**Records shown:**
────────────────────

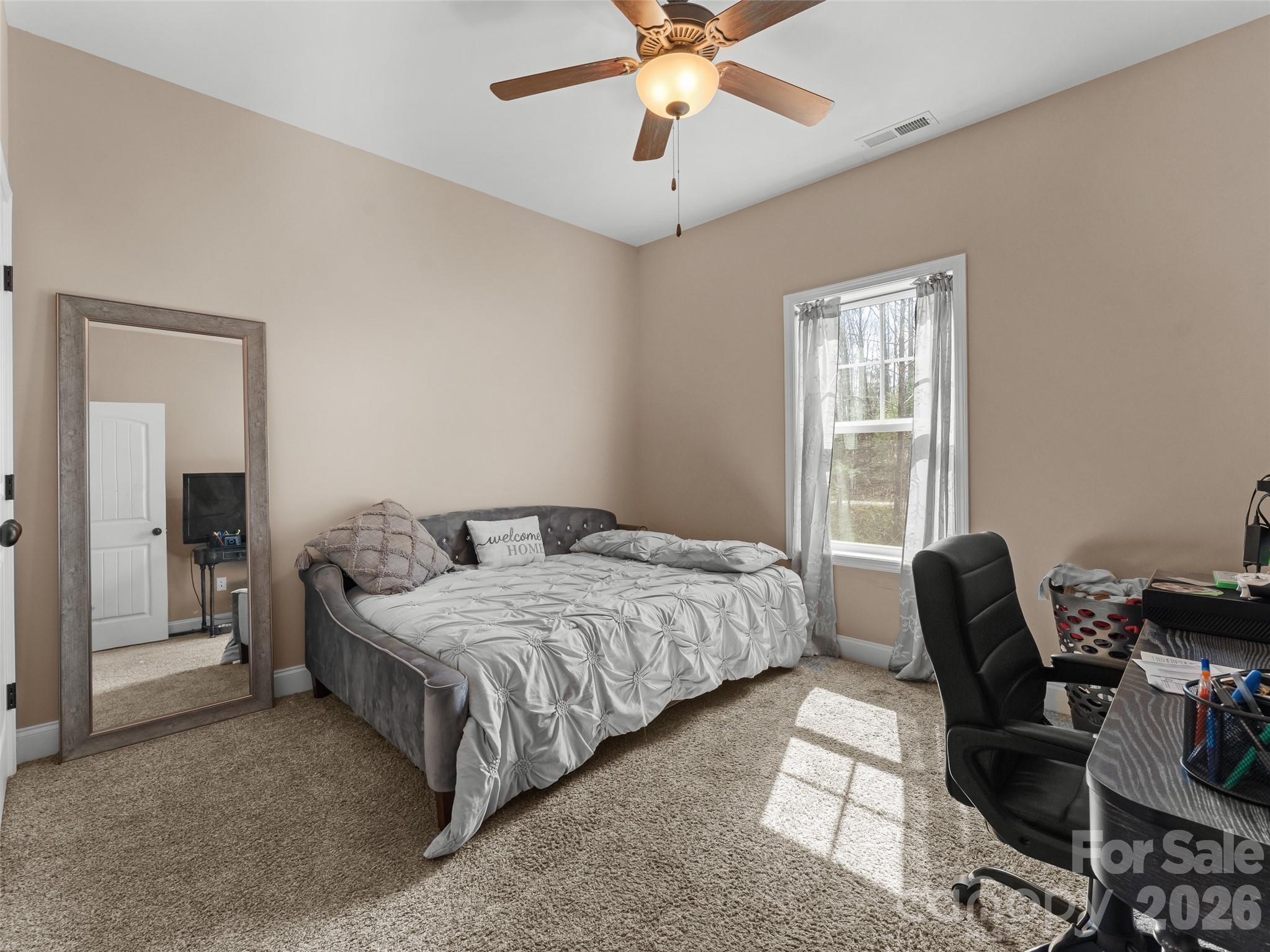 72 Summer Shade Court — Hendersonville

────────────────────

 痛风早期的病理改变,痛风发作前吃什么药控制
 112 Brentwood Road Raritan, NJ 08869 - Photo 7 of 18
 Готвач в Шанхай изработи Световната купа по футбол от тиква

────────────────────

**What is expected:** Where the listing above reaches the line that contains "痛风早期的病理改变,痛风发作前吃什么药控制", start retyping, and finish with the line that contains "Готвач в Шанхай"; reproduce those lines exactly and no others.

**Task result:**
 痛风早期的病理改变,痛风发作前吃什么药控制
 112 Brentwood Road Raritan, NJ 08869 - Photo 7 of 18
 Готвач в Шанхай изработи Световната купа по футбол от тиква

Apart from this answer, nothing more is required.